A stone is dropped from a building and 2 seconds later another stone is dropped. How far apart are these two stones by the time the first one has reached a speed of 30 ms^-1 (take g= 10 ms^-2)

• A. 80 m
• B. 100 m
• C. 60 m
• D. 40 m

Answer 1

The correct option is D

40 m

Step 1: Given data

Initial velocity U= 0 ms^-1

Final velocity V = 30 ms^-1

Step 2: Calculation

From kinematic equation

$$\begin{gathered} U=v+at \\ U=V-gt \\ 0=30-10\left(t\right) \\ 30=10t \\ t=\frac{30}{10}=3sec \end{gathered}$$

Fro freely falling body distance traveled by first stone,

,$$\begin{gathered} S=Ut+\frac{1}{2}a{t}^2 \\ S=0+\frac{1}{2}g{t}^2 \\ S=\frac{1}{2}g{t}^2 \\ S=\frac{1}{2}\times 10\times 3^2 \\ S=5\times 9 \\ S=45m \end{gathered}$$

For second stone, t= (3 sec- 2 sec) = 1 sec ( because it thrown 2 sec later than the first one)

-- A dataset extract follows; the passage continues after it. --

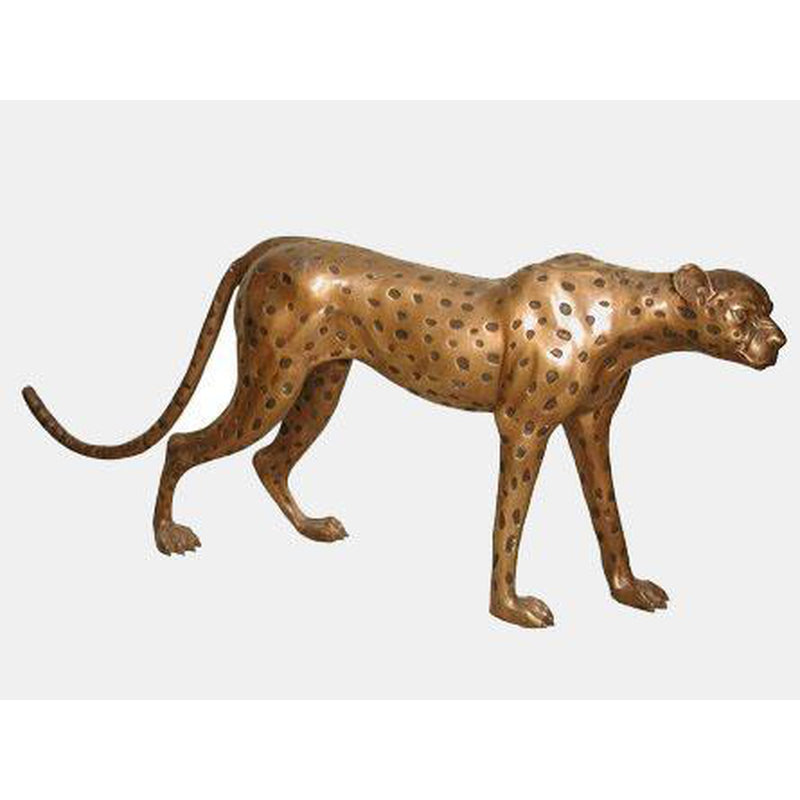 Walking Cheetah statue| Walking Cheetah Patina Sculpture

Distance traveled by second stone,

$$\begin{gathered} S=Ut+\frac{1}{2}a{t}^2 \\ S=0+\frac{1}{2}\times 10\times 1^2 \\ S=5m \end{gathered}$$

The difference in the distance traveled by both the stones,

$45m-5m=40m$

Hence,

Option (d) is correct.